- **Records provided**:
━━━━

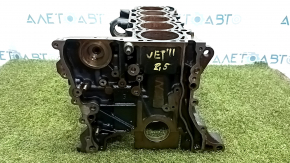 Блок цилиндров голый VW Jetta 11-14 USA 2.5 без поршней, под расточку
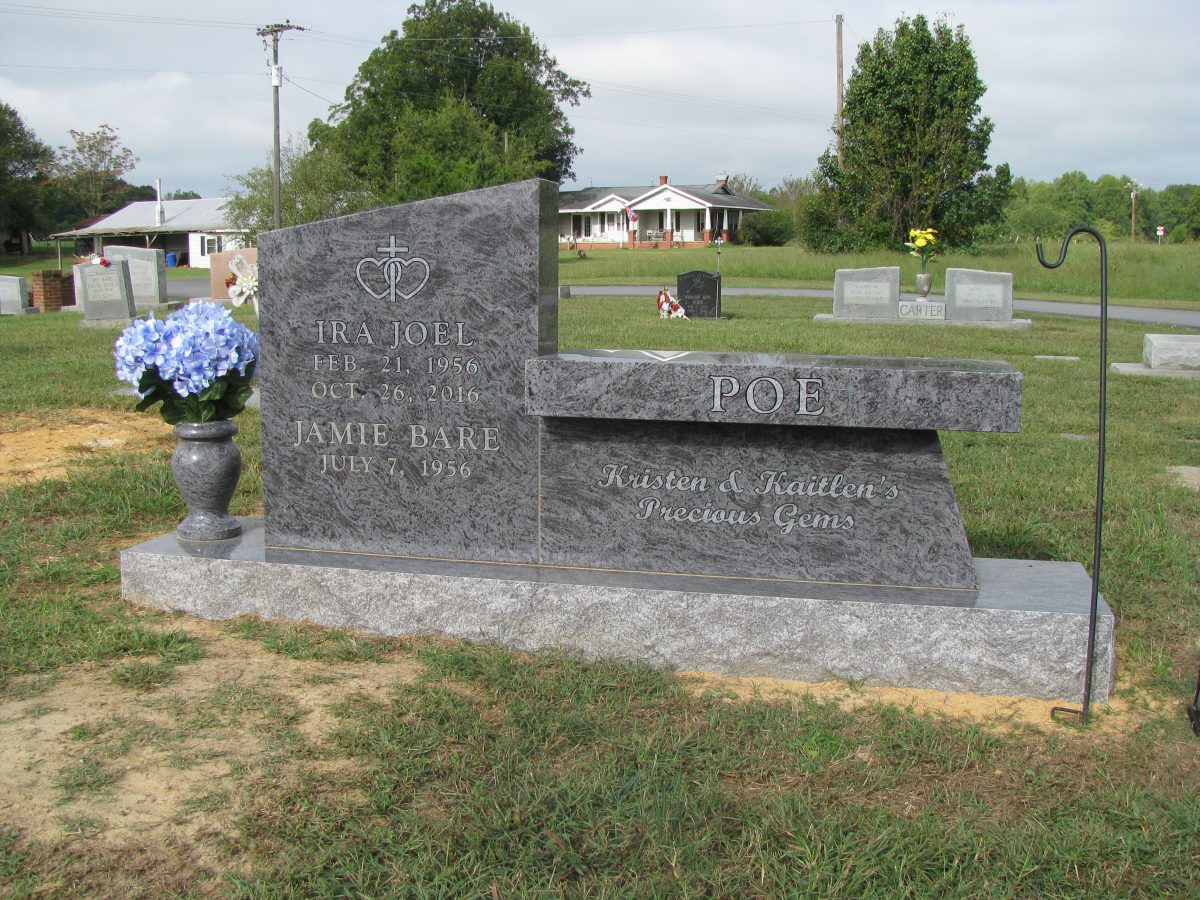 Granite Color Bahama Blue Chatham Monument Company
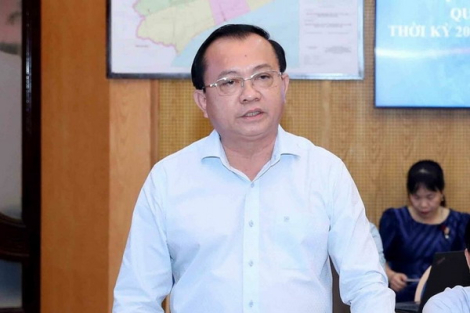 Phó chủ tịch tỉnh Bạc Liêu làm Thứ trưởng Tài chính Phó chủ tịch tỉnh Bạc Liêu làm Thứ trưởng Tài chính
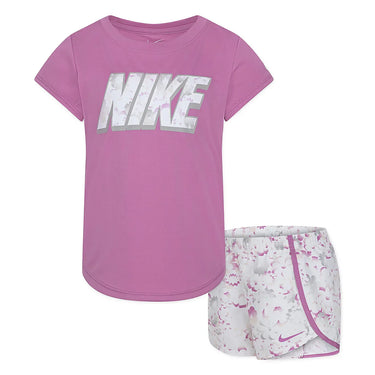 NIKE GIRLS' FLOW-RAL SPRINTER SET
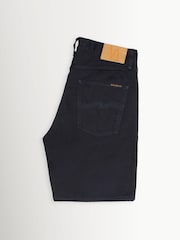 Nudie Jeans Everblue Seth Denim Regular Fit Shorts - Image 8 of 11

━━━━

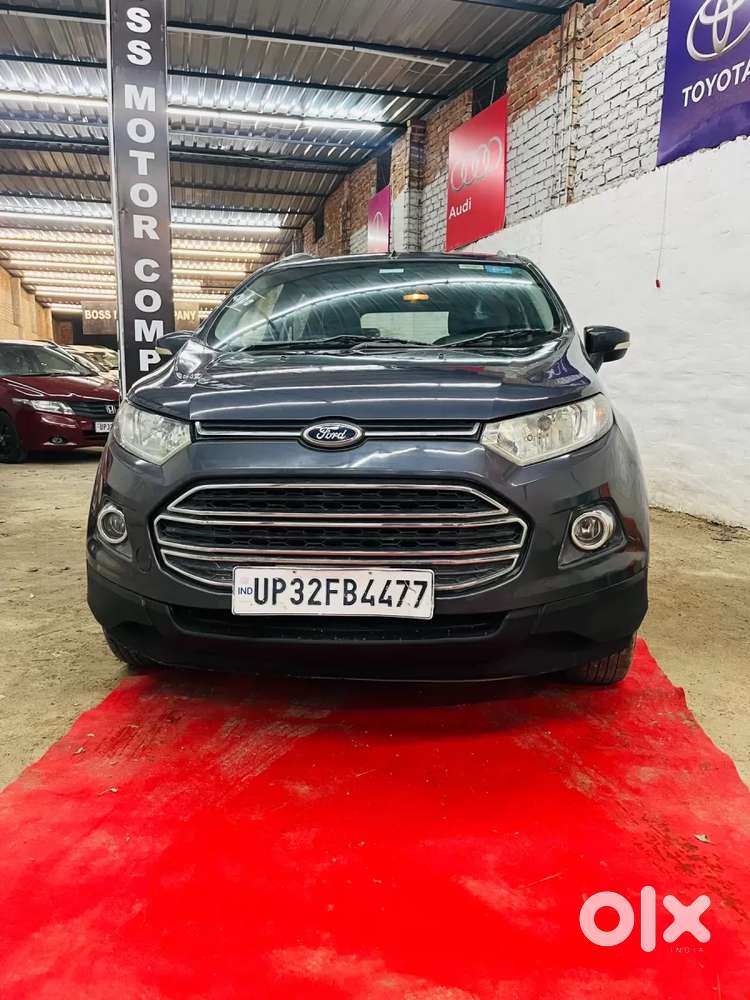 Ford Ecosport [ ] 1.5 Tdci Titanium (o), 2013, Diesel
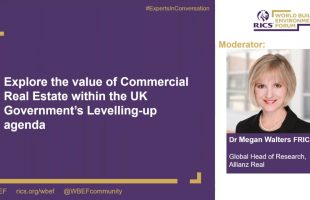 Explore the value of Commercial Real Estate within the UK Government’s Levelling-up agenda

━━━━

- **Problem**:
Could you write out exactly the lines of the data above that run from the one holding "Блок цилиндров голый" to the one holding "Nudie Jeans Everblue", with both ends in and all pictures out?

- **Output of the exercise**:
 Блок цилиндров голый VW Jetta 11-14 USA 2.5 без поршней, под расточку
 Granite Color Bahama Blue Chatham Monument Company
 Phó chủ tịch tỉnh Bạc Liêu làm Thứ trưởng Tài chính Phó chủ tịch tỉnh Bạc Liêu làm Thứ trưởng Tài chính
 NIKE GIRLS' FLOW-RAL SPRINTER SET
 Nudie Jeans Everblue Seth Denim Regular Fit Shorts - Image 8 of 11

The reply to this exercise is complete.